Como Corinna estaba firme y preparada para enfrentar lo que fuera que se le presentara, Brad vacilaba en seguir castigándola.
Su esposa, Monica, se le acercó y dijo: "Brad, ¿cómo puedes ser tan duro con Corinna? Aunque haya estudiado medicina en secreto, solo está continuando el legado de su madre. Recuerda que Rachael fue una doctora respetada hasta ese error quirúrgico, debido a su enfermedad".
Mencionar esto ocasionó que la ira de Brad aumentara.
Levantó la mano y golpeó a la chica de nuevo. "¿Dirás la verdad?".
Con otro golpe, el rostro de Corinna se tornó pálido. Pero sus ojos no mostraban signos de rendición. Miraba a Monica con una creciente actitud desafiante.
"¿Cómo puedes hablar de mi madre? Era una de las mejores profesionales médicas del mundo. Y ambos saben muy bien qué causó su enfermedad".
No conocía todos los detalles; sin embargo, estaba consciente de esto.
La salud de su madre se había deteriorado tras enterarse de la aventura de Brad con Monica. ¿Cómo se atrevían estos dos a hablar de su madre en su presencia?
La expresión de odio en los ojos de Corinna hizo que Brad sintiera escalofríos mientras recordaba el día en que Rachael los descubrió a él y a Monica juntos. Ella no mostró signos de perder la cordura, solo los miró, tranquila y despectivamente, como si no fueran más que basura. Los había despreciado. Tal expresión era algo que Brad nunca pudo borrar de su mente.
Su exesposa siempre había sido distinguida y a su lado, se sentía disminuido.
Ante los demás, él era solo el esposo de la doctora Brown. Odiaba esa sensación.
Esa noche había tenido gran satisfacción, pues sentía que había aplastado el orgullo de Rachael. No obstante, también fue su momento más vergonzoso, ya que ella los había despreciado por completo, tratándolos como si fueran tontos.

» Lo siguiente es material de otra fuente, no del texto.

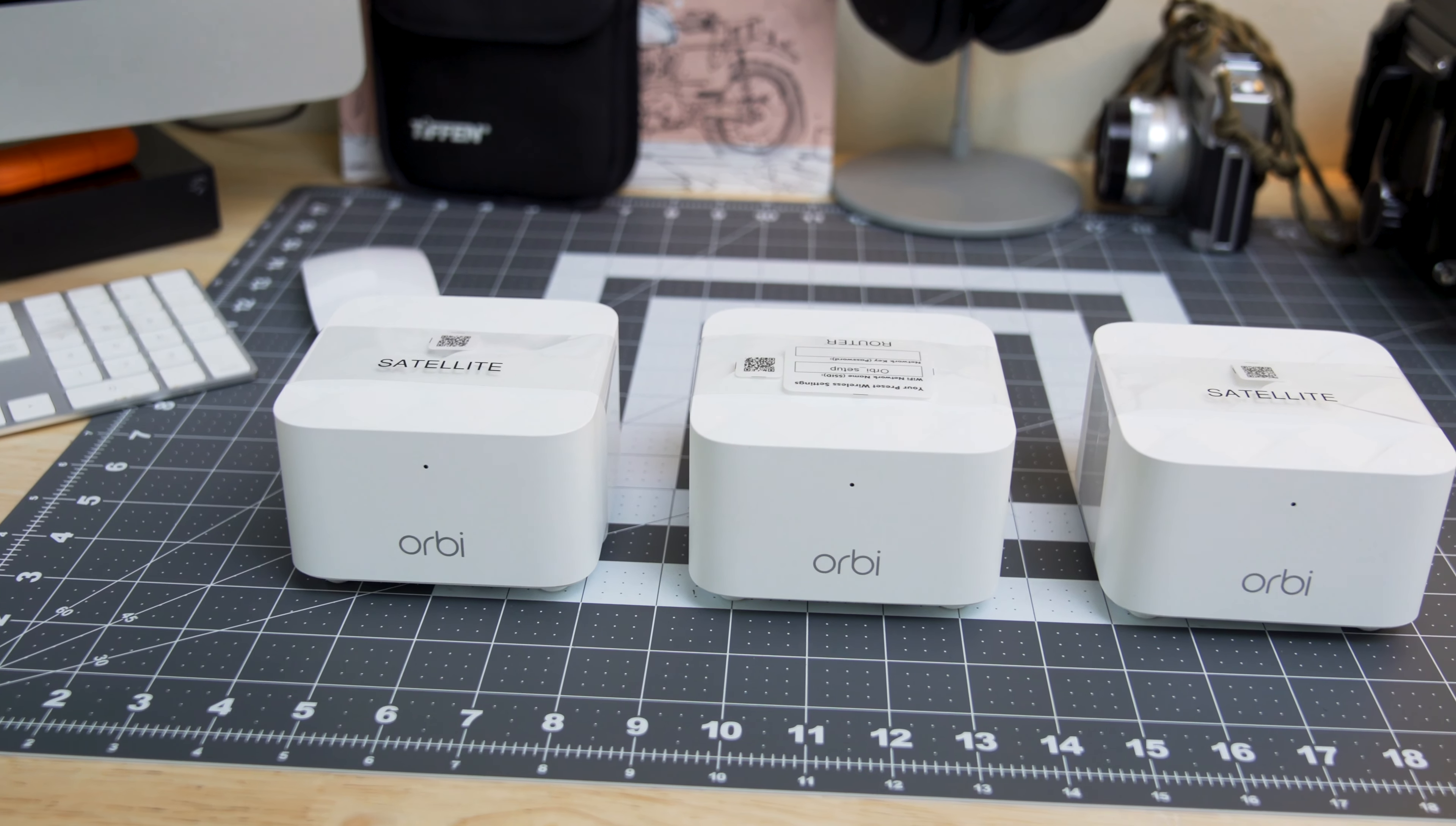The Orbi works with the modem you most likely got from your internet service provider. The router connects to your modem and creates its own network so you can turn off your ISP's Wi-Fi and let the Orbi do all the work.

Las palabras de burla y la mirada desafiante de Corinna le recordaron a Brad los sentimientos de inferioridad que a menudo sentía cerca de su exesposa. Su frustración se convirtió en rabia, y golpeó a Corinna con una fuerza desenfrenada.
"¿Quién te enseñó a hablar de esa manera?", gritó Brad con furia. Cada golpe que le daba con su látigo parecía destinado a acabar con su vida.
Pese a los temblores de su cuerpo, Corinna no bajó la cabeza. En lugar de ello, le respondió sarcásticamente: "Lo que das, recibes a cambio. Es tan solo cuestión de tiempo".
"¡Mocosa irrespetuosa!". Cegado por la ira, los golpes de Brad se volvieron aún más severos.
En el silencioso salón, el sonido del látigo golpeando la carne de la chica se escuchaba fuertemente.
Los hermanos Hudson observaban con frialdad, algunos, de hecho, disfrutando del sufrimiento de Corinna, esperando que no sobreviviera al tormento.
Brad, cansado de tanto azotarla, había perdido la cuenta de los golpes que había dado.
Corinna estaba encogida en el frío suelo, cubierta de sangre. Fue entonces cuando Monica intervino. "¿Qué haces? Ella solo es una niña. Puede ser franca, pero estoy segura de que solo estudió medicina en secreto para seguir los pasos de su madre".
Seguir los pasos de su madre. Esa misma idea avivó la amargura que crecía dentro de Brad.
Rachael había sido el fantasma que atormentaba su vida, y ahora veía su legado en la hija que constantemente le recordaba sus propios fracasos.
"¡De acuerdo! ¡Si quiere ser una verdadera doctora, entonces no necesitamos un médico aquí para ella! ¡Que se cure ella misma!", exclamó Brad en un tono sarcástico.